Requirement - Could you restate every entry word for word, minus the pictures?
Material supplied below:
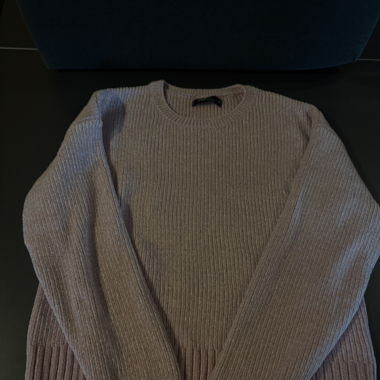 Gerippter Pullover in Rosa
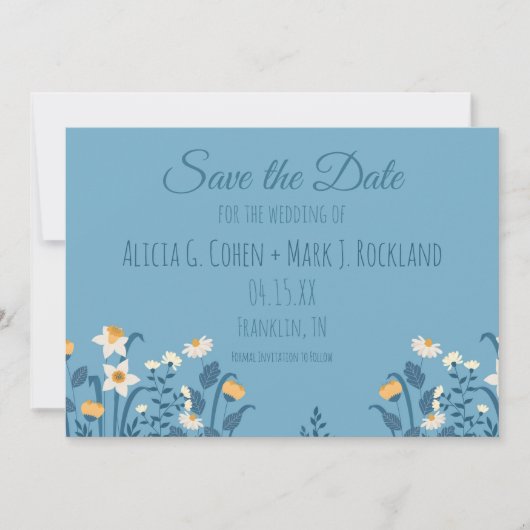 Blue Floral Daisy Wedding Save the Date Card (Vorderseite)
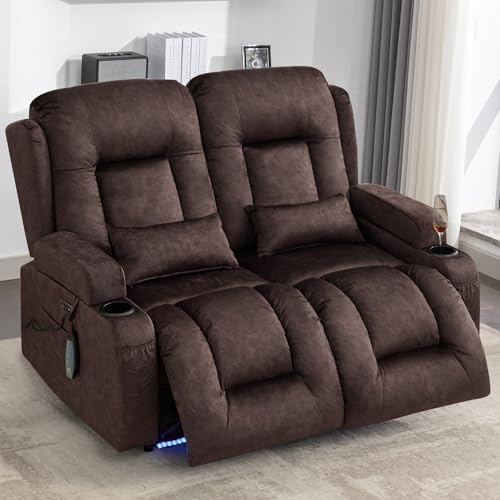 URRED Power Loveseat Recliner Sofa with Massage and Heat, Wall Hugger Reclining Loveseat, RV Couch Home Theater Seating with LED Lights for Living Room (Brown, 54" - 2 Seats) - color: Brown, size: 54" - 2 Seats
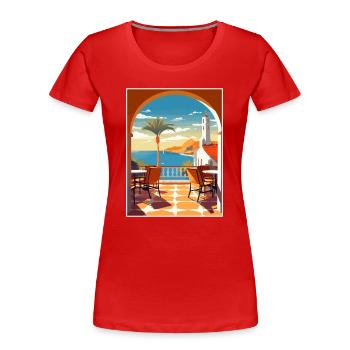 Costa del Sol Spanien Vintage Reiseposter Souvenir - Frauen Premium Bio T-Shirt - Rot - Vorne - Mia (176cm)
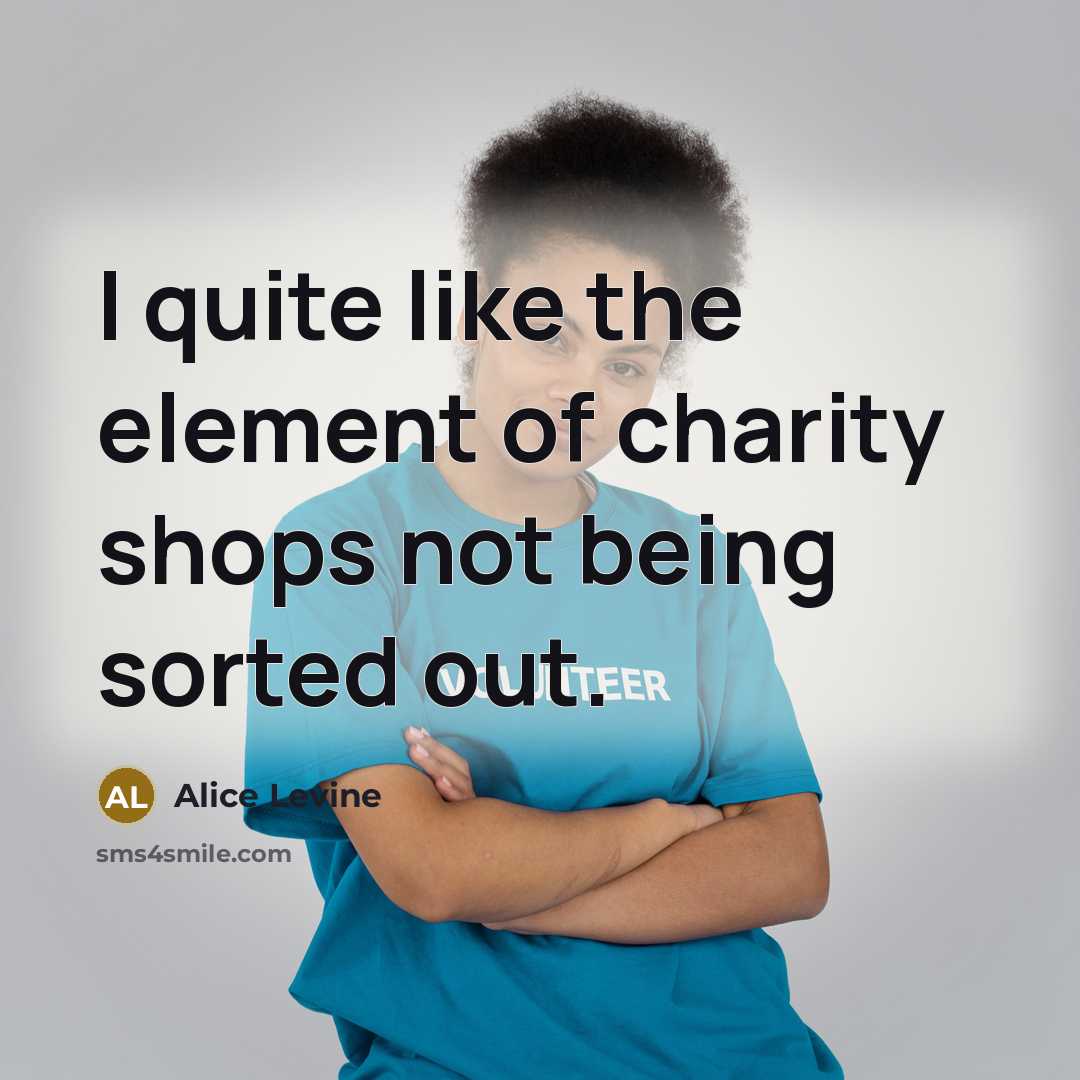 “I quite like the element of charity shops not being…” quote by Alice Levine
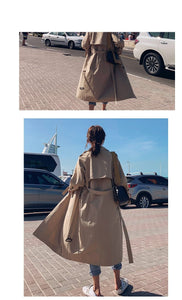 2019 Autumn Women Long Trench Coat With Belt Turn Down Collar Clothes Long Coat Trench Femme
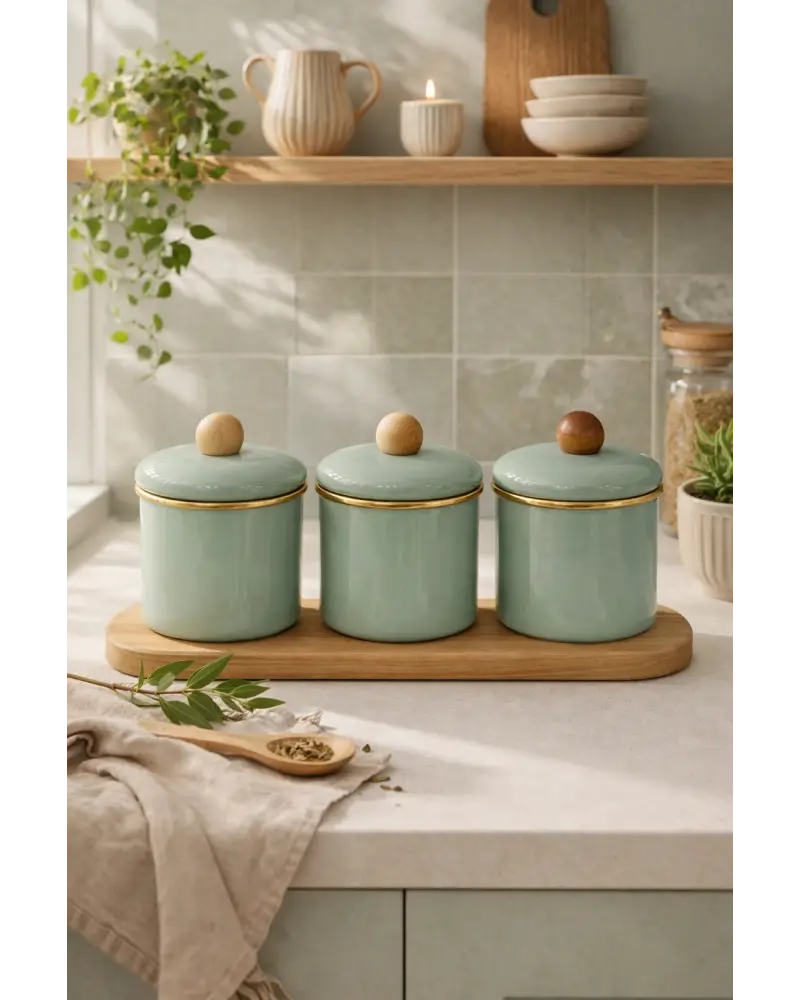 PR Home Soft Green Emaye Baharatlık Seti 10 Cm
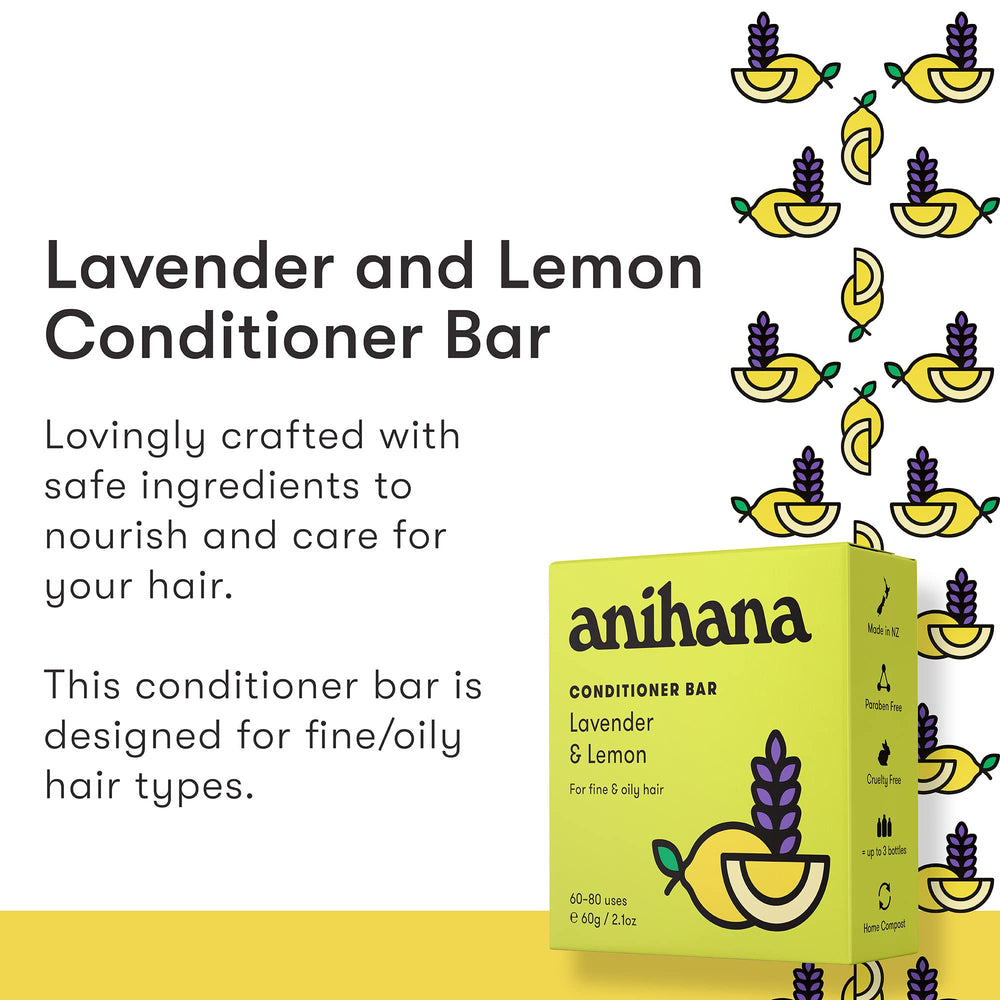ANIHANA barra-condicionadora lavanda limón perfuma y añade cuerpo al cabello.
End of Material supplied.
Solution to the problem -
 Gerippter Pullover in Rosa
 Blue Floral Daisy Wedding Save the Date Card (Vorderseite)
 URRED Power Loveseat Recliner Sofa with Massage and Heat, Wall Hugger Reclining Loveseat, RV Couch Home Theater Seating with LED Lights for Living Room (Brown, 54" - 2 Seats) - color: Brown, size: 54" - 2 Seats
 Costa del Sol Spanien Vintage Reiseposter Souvenir - Frauen Premium Bio T-Shirt - Rot - Vorne - Mia (176cm)
 “I quite like the element of charity shops not being…” quote by Alice Levine
 2019 Autumn Women Long Trench Coat With Belt Turn Down Collar Clothes Long Coat Trench Femme
 PR Home Soft Green Emaye Baharatlık Seti 10 Cm
ANIHANA barra-condicionadora lavanda limón perfuma y añade cuerpo al cabello.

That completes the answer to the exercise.